__Work item__. Your answer must be the exact lines from the one with "凝聚奋进力量 书写巾帼荣光--bat36" to the end of the data, both included, with no pictures.

- - - -

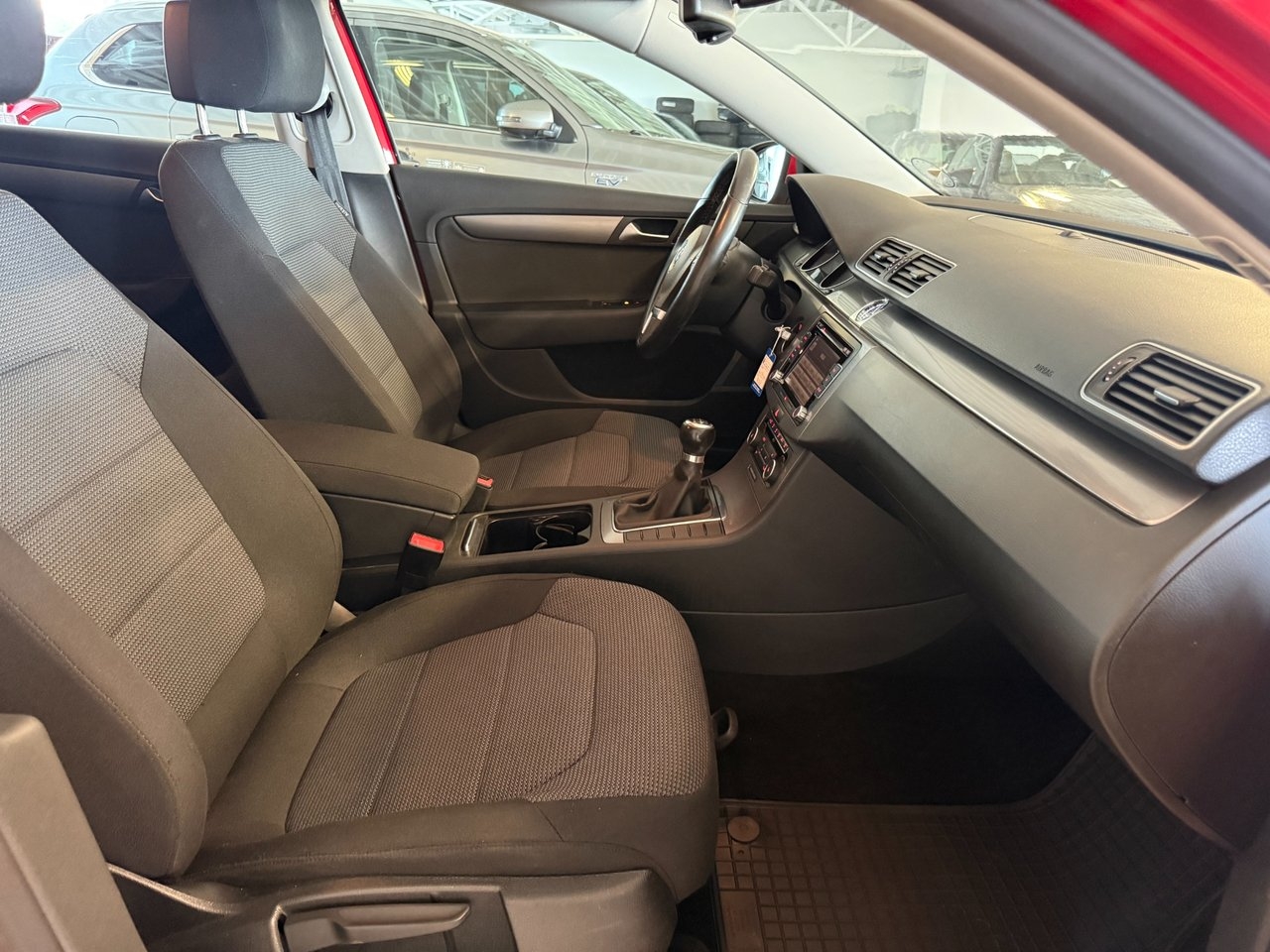 Volkswagen Passat 2012, bild 7/10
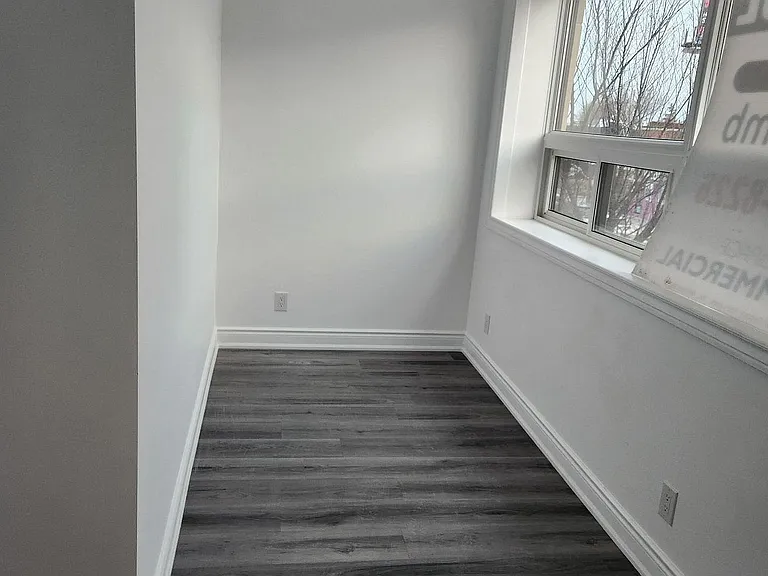 2820 Danforth Ave #210 — Photo 8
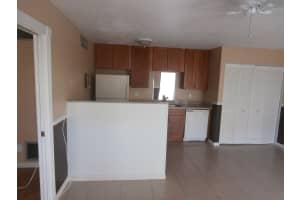 629 Executive Center Dr J101, West Palm Beach, FL 33401, Sold 07/12/19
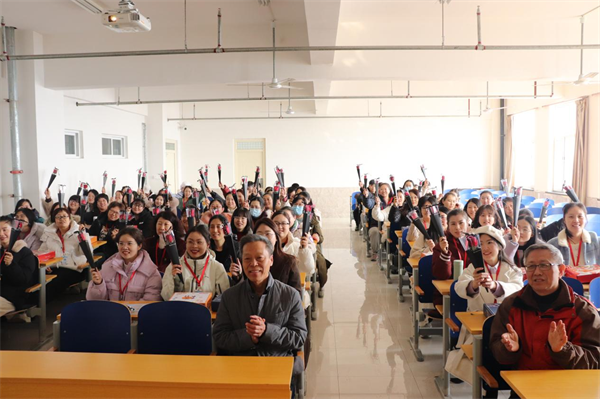 凝聚奋进力量 书写巾帼荣光--bat365官方官网校领导走访慰问女教职工送上“三八”国际劳动妇女节祝福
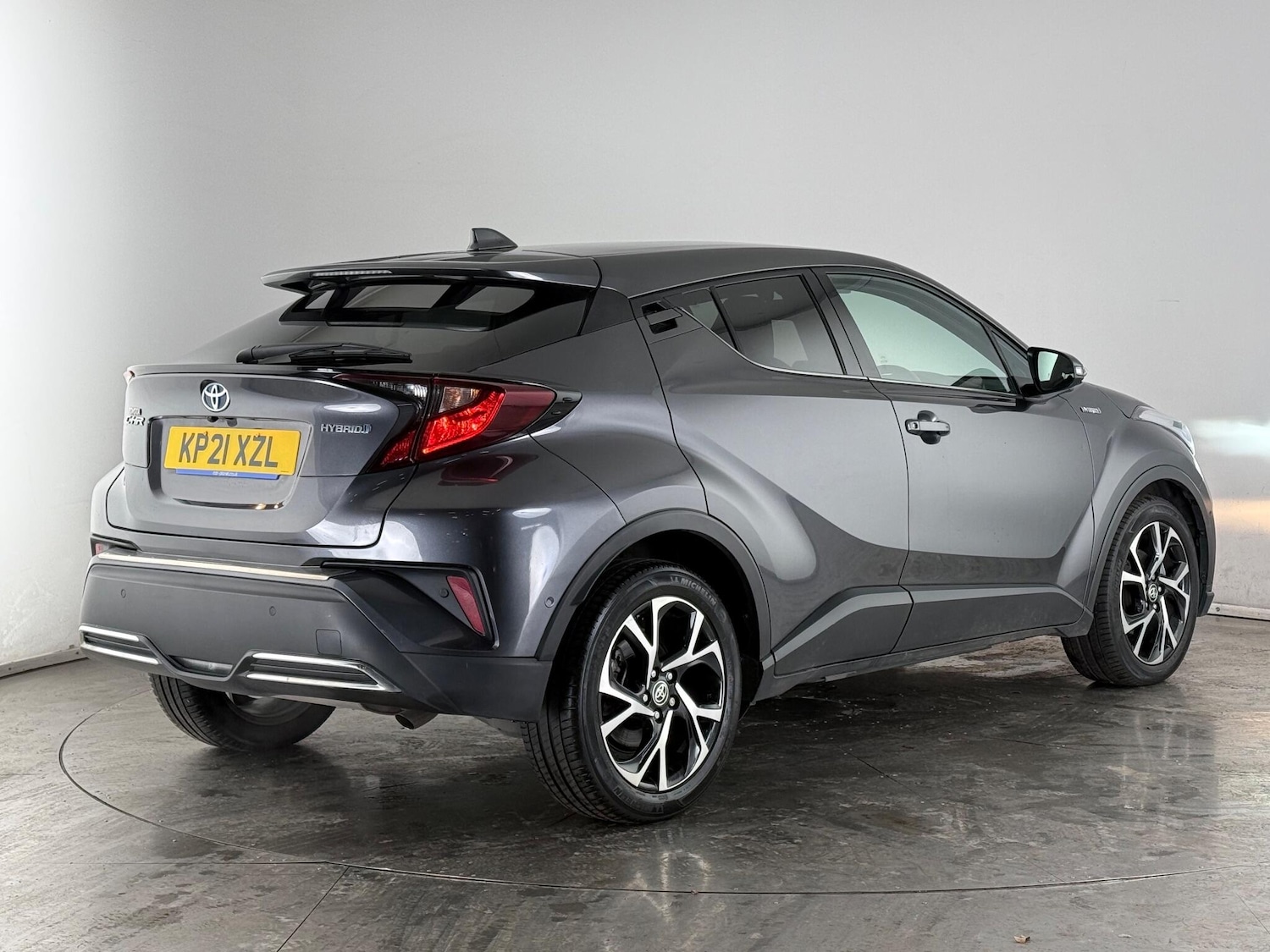 Used Toyota C-HR 2021 for sale - 77260554: Photo 3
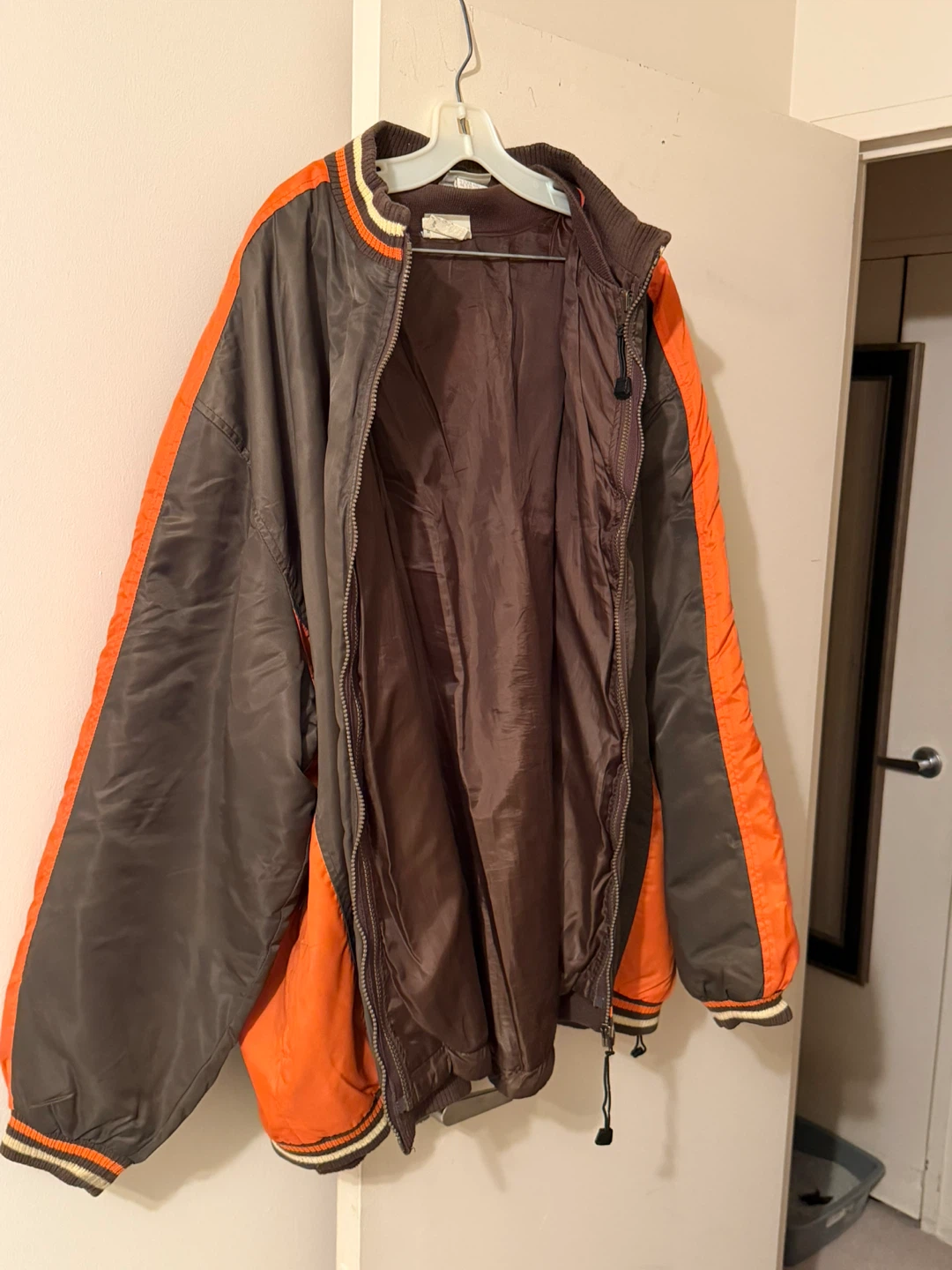 Men’s A&W Bomber Jacket Size 3XL - photo 2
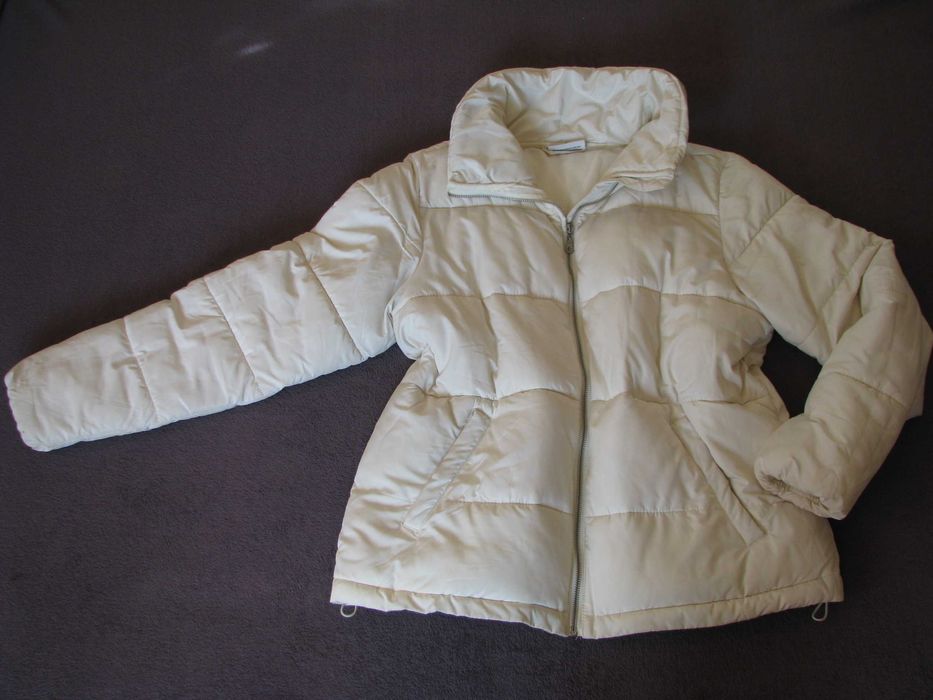 Pikowana, puchata kurtka z wysoką stójką, ecri, rozm 42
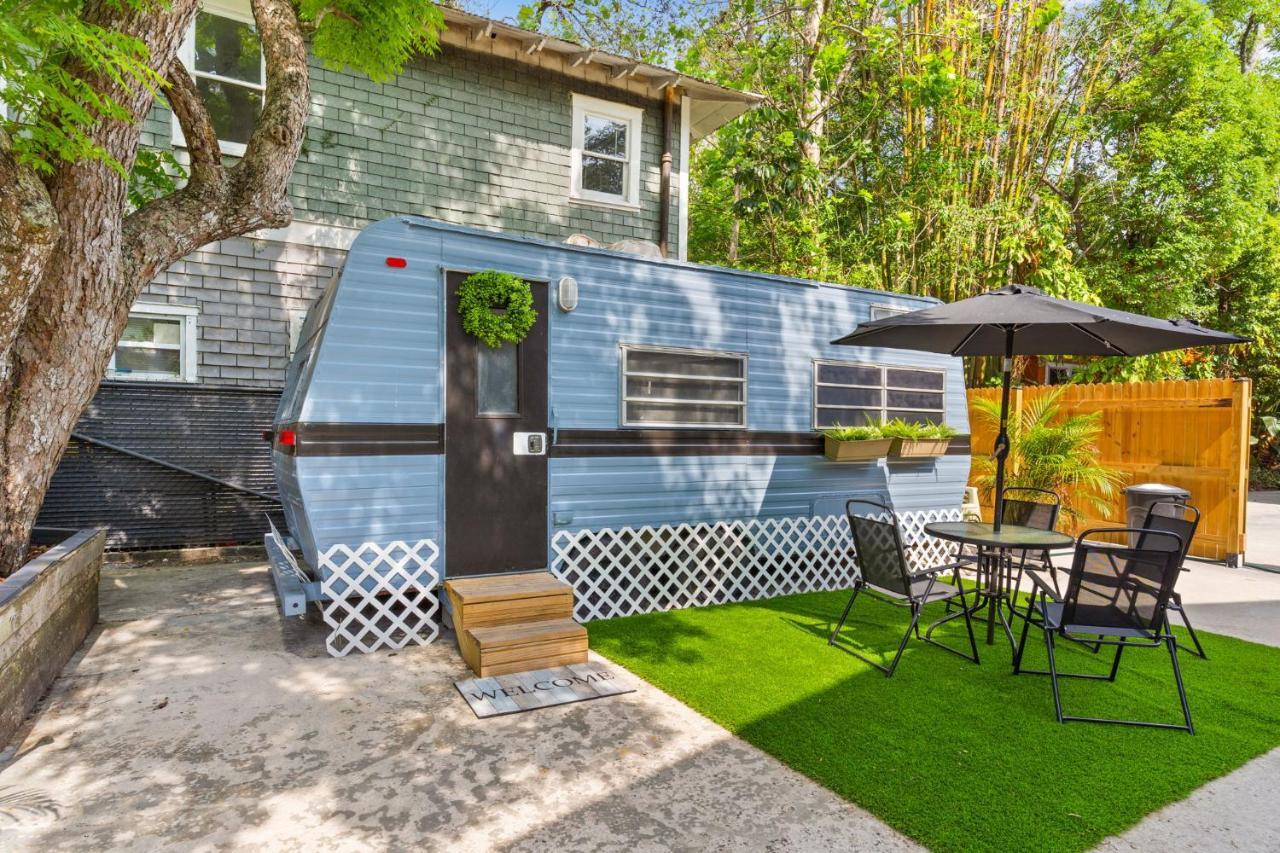 Apartment Four Different Options At One Great Location-- 1 - Spacious 3 Bed 2 Bath House Or 2- 2nd Floor 2 Bed 1 Bath Or 3- 1st Floor Studio Or 3- A Tiny Rv *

- - - -

__Output for this task__.
 凝聚奋进力量 书写巾帼荣光--bat365官方官网校领导走访慰问女教职工送上“三八”国际劳动妇女节祝福
 Used Toyota C-HR 2021 for sale - 77260554: Photo 3
 Men’s A&W Bomber Jacket Size 3XL - photo 2
 Pikowana, puchata kurtka z wysoką stójką, ecri, rozm 42
 Apartment Four Different Options At One Great Location-- 1 - Spacious 3 Bed 2 Bath House Or 2- 2nd Floor 2 Bed 1 Bath Or 3- 1st Floor Studio Or 3- A Tiny Rv *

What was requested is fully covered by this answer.